Entries shown.

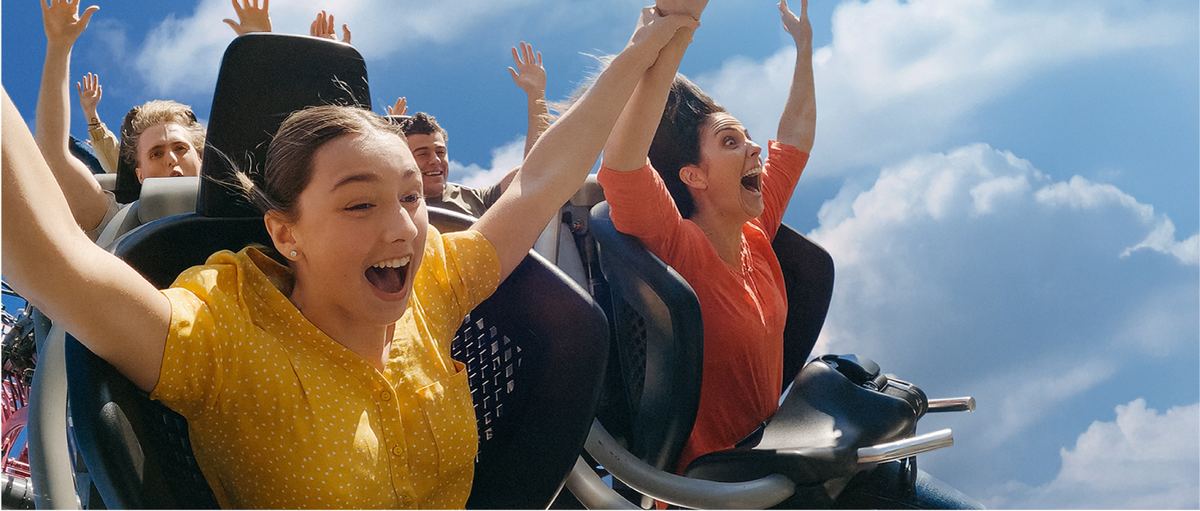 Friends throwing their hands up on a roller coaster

---

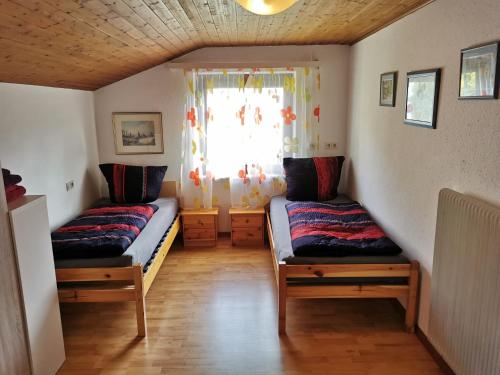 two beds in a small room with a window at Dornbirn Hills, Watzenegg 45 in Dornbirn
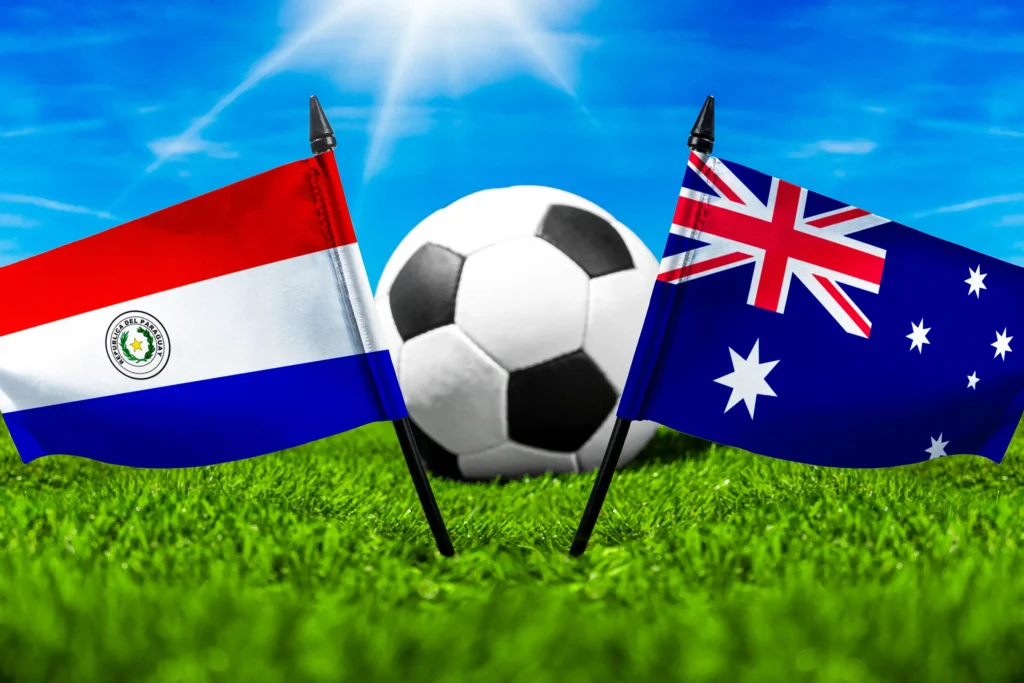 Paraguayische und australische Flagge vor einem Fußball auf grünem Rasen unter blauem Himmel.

Problem requirements. From the listing above, please give again the lines that begin with the line holding "two beds in" and go on through the line holding "Paraguayische und australische", exactly, both ends included, minus any picture.

Solution to this exercise.
 two beds in a small room with a window at Dornbirn Hills, Watzenegg 45 in Dornbirn
 Paraguayische und australische Flagge vor einem Fußball auf grünem Rasen unter blauem Himmel.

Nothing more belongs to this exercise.